Tuesday, April 22, 2008

Q&A: Adjusting cleats, tubeless slow leak, creaking

Q: I'm installing cleats on my new bicycle shoes and don't know how to get them in the right position. Can you help?


A: Thanks for the question. It's important to get cleats right to prevent knee injuries and also to ensure you can get in and out of your clipless pedals easily. The diagram on the right shows the correct placement for cleats. It's from a page I have on my website where I explain how to find the right cleat position and give easy instructions that help you align and position your cleats in the right position. Click to learn more about cleat placement.

Hope this helps,

Q: Hi Jim,
I recently purchased a set of Dura Ace 7850-SL wheels to use with tubeless tires in part because of your positive reviews. I've noticed that the only criticisms are from those folks who haven't ridden them - you, Zinn and others who know their stuff seem to like them a lot. So far, I've been very pleased, but I have a couple of questions that I'd greatly appreciate your advice on. I weigh 165lbs and the Hutchinson website indicates the following: 65 - 75 kg / 140 - 165 lb = 6 - 7 bars / 87 - 101 psi. That strikes me as higher pressure than I would have thought. What do you recommend (especially for someone who places a high emphasis on cornering grip)? Also, my rear tire seems to have a very slow leak. It always seems to lose 10 - 20lbs of pressure overnight. Should I use the Hutchinson Protect'Air? If so, how much (ml) should I use for a 700x23 tire?

Thanks in advance!

A: Thanks for the email, Mark. I'm about the same weight as you and I run 90psi in the front tire and 95 in the rear. I have run them lower on really bad roads, approx 87 in the rear, 85 in the front. Note that gauges are usually inaccurate so it's hard to know the exact pressures, but according to my gauges, that's a ballpark setting you could try that should work nicely. And, you can certainly experiment with lower pressure to see what's right for you and your roads. I would think you wouldn't want to run too much below what the company recommends, though. Usually if a tire is run too soft it tends to crack sooner but you could try it and see if you have any problems, too.

To figure out the slow leak, I would put water around the valve and see if that's what's leaking. I had trouble with one of mine.

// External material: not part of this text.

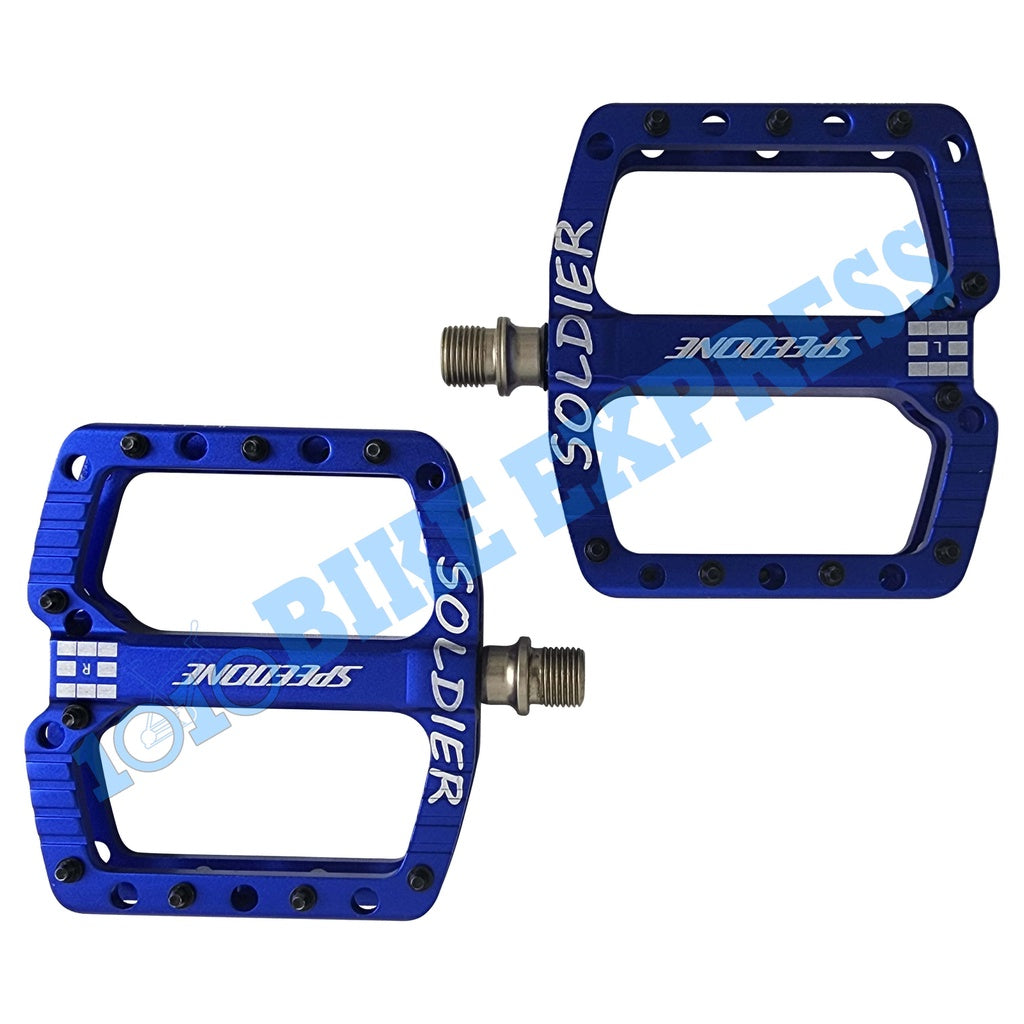 SPEEDONE Soldier Cnc Pedal Mountain Bike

The little O-ring wasn't sealing well. I finally replaced the valve, which wasn't easy because I had to special order it from a bike shop and it took a long time. They don't seem to be available yet so the shop could only order them from Shimano direct instead of from their usual distributors.

You could also dip the wheel in a sink to try to spot a slow leak, but the only problem with this is that there are holes in the rim and the rim will take in some water and it's a pain to get it out. So, you should seal the holes first with little pieces of tape.

I'm assuming that you haven't run over a tiny piece of glass or wire that's causing the slow leak, too.

Some feedback I've gotten from others riding these tires is that theirs lose air overnight, too. I have only had this with the tire with the bad valve. The other tires hold air overnight but need a little air every few days like regular clincher tires with tubes.

I believe if you use Hutchinson's aerosol inflator you're supposed to use one per tire. That's based on them sending me 2 with 2 tires. They told me that there's a light sealant in there that will help seal the tire. I used it on one tire and didn't notice any difference, but some people swear that sealants fix flats and are worth using. I can't tell if it made a difference or not in sealing the tire or preventing flats. I have checked that tire and rim and haven't noticed any issues with sealant eating the rim (as I mentioned in my RBR article can be caused by Stan's sealants - or so Shimano says).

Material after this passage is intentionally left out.